Population (2024-12-31)
- • Total: 386
- • Density: 295/km^{2} (763/sq mi)
- Time zone: UTC+01:00 (CET)
- • Summer (DST): UTC+02:00 (CEST)
- Postal codes: 25709
- Dialling codes: 04851
- Vehicle registration: HEI
- Website: www.amt-marne-nordsee.de

= Marnerdeich =

Marnerdeich (/de/, lit. 'Marne Dike') is a municipality in the district of Dithmarschen, in Schleswig-Holstein, Germany.

== Geography ==

Marnerdeich has the character of a Reihendorfes on both sides of the East–West trending State Road 142 and located on the east side of the North–South municipal road.

== History ==
In the Marsh this country was dyked from 1578 to 1581, as part of the "great Kooges Ammerwurth-Marne". As a separate municipality, it was formed in 1840, after the area legally from the adjacent town of Marne has been separated.

== Politics ==
Of the nine seats on the Municipal Council, the Democratic Union KWV have seven seats since the municipal elections of 2008 and the SPD two.

== Coat of arms ==
Blazon: "split by a green stake. Front in silver six blue wavy; rear of gold, sprinkled with red triangles.
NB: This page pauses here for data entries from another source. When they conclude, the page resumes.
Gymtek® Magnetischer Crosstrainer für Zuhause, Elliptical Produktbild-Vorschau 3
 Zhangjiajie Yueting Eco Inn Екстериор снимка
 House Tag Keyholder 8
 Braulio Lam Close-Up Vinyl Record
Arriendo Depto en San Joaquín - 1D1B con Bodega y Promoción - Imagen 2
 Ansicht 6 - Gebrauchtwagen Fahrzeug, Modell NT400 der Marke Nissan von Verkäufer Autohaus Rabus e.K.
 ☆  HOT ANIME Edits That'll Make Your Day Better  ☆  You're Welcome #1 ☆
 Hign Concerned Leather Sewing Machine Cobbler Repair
The placename has the municipality with its double meaning on the Genesis. Marnerdeich the called Marne to the protection of the parishes probably at the beginning of the 17th century constructed Dyke. In the course of time, the name was transferred to the new settlement, formed behind the dam. The village of "Marnerdiek" is mentioned for the first time in 1664. The stake in the coat of arms symbolizes the dike with his planting. The red triangles, interpreted as houses, to introduce the parish of Marne, refer also to the settlement of Marnerdeich. At the same time the stylized houses as well as the stake play figuratively the place names. The Golden Shield color in the left half of the coat of arms shows the Cornfields behind the dike, the shaft threads in a silver field represent the sea, the Bare Hans.